Excerpts from a dataset:
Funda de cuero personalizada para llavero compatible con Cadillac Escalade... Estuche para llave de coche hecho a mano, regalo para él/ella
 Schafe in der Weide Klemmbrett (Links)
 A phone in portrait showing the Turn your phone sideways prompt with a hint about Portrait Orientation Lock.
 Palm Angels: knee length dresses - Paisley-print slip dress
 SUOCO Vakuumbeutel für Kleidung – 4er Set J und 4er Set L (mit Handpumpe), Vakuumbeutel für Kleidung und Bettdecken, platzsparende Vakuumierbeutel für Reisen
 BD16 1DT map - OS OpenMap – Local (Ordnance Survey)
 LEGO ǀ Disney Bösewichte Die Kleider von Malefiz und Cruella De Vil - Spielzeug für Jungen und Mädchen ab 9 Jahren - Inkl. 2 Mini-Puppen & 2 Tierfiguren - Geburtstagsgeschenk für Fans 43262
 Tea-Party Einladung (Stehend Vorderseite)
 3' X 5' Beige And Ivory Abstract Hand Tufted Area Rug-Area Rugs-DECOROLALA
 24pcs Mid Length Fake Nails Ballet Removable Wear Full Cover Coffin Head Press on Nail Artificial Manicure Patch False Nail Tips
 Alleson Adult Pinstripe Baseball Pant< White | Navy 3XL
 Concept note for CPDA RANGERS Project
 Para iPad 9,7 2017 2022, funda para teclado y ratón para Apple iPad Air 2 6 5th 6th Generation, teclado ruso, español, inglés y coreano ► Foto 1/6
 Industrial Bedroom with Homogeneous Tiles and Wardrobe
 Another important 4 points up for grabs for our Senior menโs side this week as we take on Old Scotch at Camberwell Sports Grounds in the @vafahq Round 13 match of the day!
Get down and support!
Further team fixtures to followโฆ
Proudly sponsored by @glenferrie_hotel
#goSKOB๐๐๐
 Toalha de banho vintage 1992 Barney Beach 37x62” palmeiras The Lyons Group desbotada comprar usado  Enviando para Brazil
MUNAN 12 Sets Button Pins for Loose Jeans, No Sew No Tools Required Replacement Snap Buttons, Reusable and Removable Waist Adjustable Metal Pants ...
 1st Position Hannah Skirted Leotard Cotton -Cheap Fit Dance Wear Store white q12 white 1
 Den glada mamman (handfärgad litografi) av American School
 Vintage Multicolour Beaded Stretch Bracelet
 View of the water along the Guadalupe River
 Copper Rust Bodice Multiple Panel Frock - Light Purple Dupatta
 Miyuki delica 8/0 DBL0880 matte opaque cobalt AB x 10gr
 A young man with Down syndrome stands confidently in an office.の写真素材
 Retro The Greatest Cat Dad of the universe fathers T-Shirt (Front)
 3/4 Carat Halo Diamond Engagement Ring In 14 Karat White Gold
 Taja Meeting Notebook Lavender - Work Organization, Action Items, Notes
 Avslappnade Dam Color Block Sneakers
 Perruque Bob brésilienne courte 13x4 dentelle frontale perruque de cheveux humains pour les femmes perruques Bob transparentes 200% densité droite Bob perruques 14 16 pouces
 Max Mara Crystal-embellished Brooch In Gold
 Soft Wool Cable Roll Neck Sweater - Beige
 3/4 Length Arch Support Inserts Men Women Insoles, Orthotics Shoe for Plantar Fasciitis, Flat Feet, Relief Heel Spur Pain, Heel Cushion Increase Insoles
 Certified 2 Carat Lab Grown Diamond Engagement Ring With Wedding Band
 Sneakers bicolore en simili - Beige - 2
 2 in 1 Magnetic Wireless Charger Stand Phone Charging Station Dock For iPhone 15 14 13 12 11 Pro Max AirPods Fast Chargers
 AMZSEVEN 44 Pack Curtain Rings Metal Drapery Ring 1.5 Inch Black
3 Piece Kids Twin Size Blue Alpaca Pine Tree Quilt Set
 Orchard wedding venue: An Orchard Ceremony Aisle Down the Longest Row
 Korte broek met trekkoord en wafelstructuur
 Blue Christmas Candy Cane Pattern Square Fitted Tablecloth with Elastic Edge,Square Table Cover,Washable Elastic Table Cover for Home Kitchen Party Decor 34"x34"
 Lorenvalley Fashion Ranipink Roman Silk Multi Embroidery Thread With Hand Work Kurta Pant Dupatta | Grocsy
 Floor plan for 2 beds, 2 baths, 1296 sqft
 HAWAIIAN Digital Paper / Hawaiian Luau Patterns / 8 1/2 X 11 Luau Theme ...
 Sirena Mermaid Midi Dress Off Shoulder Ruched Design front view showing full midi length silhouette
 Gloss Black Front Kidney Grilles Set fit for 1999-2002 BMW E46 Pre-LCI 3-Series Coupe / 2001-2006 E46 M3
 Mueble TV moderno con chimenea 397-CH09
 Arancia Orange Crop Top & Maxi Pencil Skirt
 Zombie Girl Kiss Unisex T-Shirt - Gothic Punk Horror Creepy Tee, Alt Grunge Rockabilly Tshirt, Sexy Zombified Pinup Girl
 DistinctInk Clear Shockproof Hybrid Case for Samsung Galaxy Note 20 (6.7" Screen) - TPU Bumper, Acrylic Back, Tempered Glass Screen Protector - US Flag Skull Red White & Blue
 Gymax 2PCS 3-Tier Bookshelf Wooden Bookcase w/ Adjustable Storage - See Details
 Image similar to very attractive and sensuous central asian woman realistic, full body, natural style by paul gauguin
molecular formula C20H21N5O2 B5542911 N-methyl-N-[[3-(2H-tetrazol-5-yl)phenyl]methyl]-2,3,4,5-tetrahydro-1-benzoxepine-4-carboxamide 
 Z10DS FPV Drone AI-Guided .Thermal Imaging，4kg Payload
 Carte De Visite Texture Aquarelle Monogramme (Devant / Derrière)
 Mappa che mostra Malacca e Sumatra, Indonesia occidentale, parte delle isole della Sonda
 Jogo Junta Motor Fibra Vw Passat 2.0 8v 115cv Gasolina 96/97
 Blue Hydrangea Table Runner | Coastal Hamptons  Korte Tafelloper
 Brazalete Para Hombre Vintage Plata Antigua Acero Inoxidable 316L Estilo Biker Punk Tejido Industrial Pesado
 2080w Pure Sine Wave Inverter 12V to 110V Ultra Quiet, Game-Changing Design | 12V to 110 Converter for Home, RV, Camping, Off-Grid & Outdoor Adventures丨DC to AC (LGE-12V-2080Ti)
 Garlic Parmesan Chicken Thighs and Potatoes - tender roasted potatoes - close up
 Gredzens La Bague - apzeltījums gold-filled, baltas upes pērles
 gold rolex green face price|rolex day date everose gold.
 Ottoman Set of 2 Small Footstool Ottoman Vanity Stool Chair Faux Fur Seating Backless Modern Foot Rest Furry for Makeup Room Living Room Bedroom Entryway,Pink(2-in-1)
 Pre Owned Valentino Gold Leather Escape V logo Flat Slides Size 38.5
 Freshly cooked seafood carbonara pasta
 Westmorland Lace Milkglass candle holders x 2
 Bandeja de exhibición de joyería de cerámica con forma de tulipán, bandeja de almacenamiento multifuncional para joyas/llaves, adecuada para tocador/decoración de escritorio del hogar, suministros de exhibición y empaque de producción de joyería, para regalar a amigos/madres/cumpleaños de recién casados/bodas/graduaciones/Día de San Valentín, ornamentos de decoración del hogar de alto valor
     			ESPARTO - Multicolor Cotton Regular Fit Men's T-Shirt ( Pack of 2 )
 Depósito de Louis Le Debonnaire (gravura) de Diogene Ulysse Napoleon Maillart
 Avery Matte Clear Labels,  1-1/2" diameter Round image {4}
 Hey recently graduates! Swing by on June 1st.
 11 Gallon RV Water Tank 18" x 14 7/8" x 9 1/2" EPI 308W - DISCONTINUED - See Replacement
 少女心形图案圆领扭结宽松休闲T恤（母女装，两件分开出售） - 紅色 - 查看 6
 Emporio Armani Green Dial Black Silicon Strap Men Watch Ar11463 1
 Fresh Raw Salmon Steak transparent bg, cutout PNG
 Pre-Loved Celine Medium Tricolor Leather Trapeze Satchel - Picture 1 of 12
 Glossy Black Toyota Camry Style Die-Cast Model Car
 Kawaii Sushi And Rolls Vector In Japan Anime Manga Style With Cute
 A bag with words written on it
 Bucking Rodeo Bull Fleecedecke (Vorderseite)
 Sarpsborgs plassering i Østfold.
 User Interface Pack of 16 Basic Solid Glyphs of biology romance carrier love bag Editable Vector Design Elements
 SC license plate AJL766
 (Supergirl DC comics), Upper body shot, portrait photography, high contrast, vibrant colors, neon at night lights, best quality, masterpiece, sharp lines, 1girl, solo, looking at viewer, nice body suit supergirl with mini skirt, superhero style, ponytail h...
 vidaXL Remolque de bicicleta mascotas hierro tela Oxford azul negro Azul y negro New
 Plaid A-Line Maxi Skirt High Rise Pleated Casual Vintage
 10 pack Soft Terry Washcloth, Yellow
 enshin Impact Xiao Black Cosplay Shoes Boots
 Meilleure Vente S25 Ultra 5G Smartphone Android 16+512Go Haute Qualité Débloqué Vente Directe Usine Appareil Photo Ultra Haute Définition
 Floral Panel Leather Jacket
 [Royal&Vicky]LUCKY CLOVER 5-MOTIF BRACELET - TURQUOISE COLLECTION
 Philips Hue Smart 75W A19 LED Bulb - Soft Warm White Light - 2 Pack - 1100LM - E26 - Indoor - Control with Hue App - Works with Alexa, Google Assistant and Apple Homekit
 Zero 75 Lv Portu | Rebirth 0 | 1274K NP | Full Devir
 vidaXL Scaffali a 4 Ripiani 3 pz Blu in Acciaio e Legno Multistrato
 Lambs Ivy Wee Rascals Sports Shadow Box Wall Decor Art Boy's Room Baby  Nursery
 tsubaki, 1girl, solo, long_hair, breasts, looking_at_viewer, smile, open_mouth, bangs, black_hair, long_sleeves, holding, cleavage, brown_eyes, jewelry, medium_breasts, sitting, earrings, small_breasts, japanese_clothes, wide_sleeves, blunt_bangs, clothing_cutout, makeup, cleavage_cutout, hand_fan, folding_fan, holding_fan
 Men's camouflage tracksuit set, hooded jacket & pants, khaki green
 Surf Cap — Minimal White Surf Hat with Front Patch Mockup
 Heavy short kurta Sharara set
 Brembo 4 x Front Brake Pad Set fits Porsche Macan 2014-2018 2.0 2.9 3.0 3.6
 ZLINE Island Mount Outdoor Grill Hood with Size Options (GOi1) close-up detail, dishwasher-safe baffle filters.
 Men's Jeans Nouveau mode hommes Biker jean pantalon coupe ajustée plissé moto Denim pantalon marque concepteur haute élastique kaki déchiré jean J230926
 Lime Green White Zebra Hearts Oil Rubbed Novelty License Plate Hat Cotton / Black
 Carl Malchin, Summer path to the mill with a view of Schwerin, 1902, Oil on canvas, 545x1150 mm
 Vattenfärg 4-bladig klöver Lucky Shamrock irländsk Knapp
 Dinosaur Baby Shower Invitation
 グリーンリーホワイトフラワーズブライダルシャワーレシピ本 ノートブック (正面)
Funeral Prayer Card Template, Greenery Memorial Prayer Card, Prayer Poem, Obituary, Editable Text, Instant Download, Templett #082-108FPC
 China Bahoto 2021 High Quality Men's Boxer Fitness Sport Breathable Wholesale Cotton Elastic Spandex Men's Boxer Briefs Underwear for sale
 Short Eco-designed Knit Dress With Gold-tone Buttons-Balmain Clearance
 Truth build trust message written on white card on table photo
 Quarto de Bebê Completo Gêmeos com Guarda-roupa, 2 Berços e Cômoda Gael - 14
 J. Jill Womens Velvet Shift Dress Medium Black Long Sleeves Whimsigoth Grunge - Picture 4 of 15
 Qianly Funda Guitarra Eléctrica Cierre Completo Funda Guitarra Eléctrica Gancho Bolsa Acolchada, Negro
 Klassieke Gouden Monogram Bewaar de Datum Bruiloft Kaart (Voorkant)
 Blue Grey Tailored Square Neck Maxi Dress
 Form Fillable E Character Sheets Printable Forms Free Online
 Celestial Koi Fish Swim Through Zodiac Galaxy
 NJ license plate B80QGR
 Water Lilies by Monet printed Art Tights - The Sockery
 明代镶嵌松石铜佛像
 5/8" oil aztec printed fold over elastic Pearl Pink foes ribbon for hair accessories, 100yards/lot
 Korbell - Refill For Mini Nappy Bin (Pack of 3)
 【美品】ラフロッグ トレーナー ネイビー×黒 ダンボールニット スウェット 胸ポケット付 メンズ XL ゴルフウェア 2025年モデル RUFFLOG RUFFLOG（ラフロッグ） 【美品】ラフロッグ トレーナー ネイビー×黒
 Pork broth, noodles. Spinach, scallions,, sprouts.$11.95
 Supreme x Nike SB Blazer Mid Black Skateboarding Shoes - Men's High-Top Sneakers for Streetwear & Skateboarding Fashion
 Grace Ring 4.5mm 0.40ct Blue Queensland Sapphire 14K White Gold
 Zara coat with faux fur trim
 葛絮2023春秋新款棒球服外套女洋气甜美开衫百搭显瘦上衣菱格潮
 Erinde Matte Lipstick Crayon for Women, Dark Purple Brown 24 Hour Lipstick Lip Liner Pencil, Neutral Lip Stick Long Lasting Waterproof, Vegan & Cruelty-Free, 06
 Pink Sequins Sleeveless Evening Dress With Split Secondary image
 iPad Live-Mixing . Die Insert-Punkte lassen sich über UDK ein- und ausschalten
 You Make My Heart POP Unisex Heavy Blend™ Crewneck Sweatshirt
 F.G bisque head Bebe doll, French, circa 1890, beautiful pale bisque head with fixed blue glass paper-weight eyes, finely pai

▶ [Task instructions] Exactly as written, reproduce the lines of the data above from the first line through the line where "Palm Angels: knee" appears.

▶ [Problem solution]
Funda de cuero personalizada para llavero compatible con Cadillac Escalade... Estuche para llave de coche hecho a mano, regalo para él/ella
 Schafe in der Weide Klemmbrett (Links)
 A phone in portrait showing the Turn your phone sideways prompt with a hint about Portrait Orientation Lock.
 Palm Angels: knee length dresses - Paisley-print slip dress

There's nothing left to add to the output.